How Making Paper by Hand and by Machine Impacts Its Characteristics

Cathleen Baker

A live-only Q&A session scheduled for Wednesday, 28 October, 12–1 p.m. ET, via Zoom.

Registration has closed; all seats are full.

Paper is a vital component of the descriptive bibliographical examination of books and other artifactual descriptions (e.g., those for maps and works of art). To understand the various characteristics of traditional Western paper made by hand and machine—for instance, marks made by the wire screens of hand moulds or machines, paper grain direction, and differences in felt and wire sides of paper—it is necessary to become familiar with how these papers are manufactured. This presentation covers the processes by which paper in the West was typically made by hand up to the end of the eighteenth century and by machine during the nineteenth century. It also covers the various ways that these characteristics can be seen in paper.
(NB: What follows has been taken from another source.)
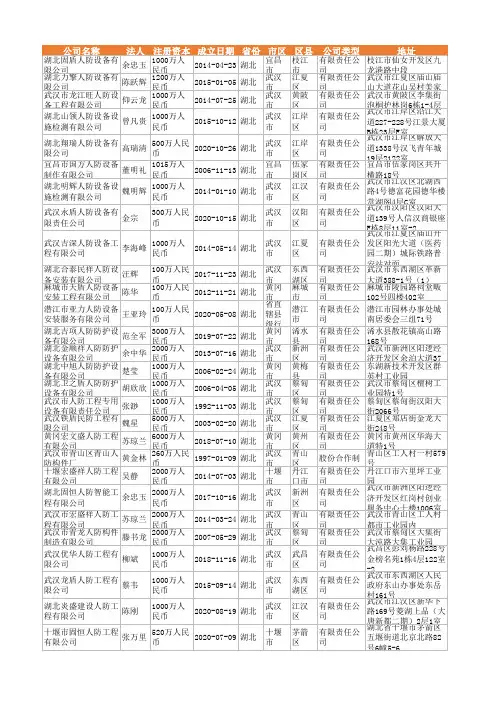 2021年湖北省人防设备行业企业名录679家、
Cathleen Baker is hosting a Q&A session on “Paper as Bibliographical Evidence: How Making Paper by Hand and by Machine Impacts Its Characteristics” primarily for applicants to G-75 “Paper as Bibliographical Evidence.” Before the Q&A session, everyone is expected to complete three readings that will be distributed as PDFs to the group: Introduction; Part 1: Handmade Paper; and Part 2: Machine-Made Paper. Participants are encouraged to submit questions to Cathy in advance of the Q&A.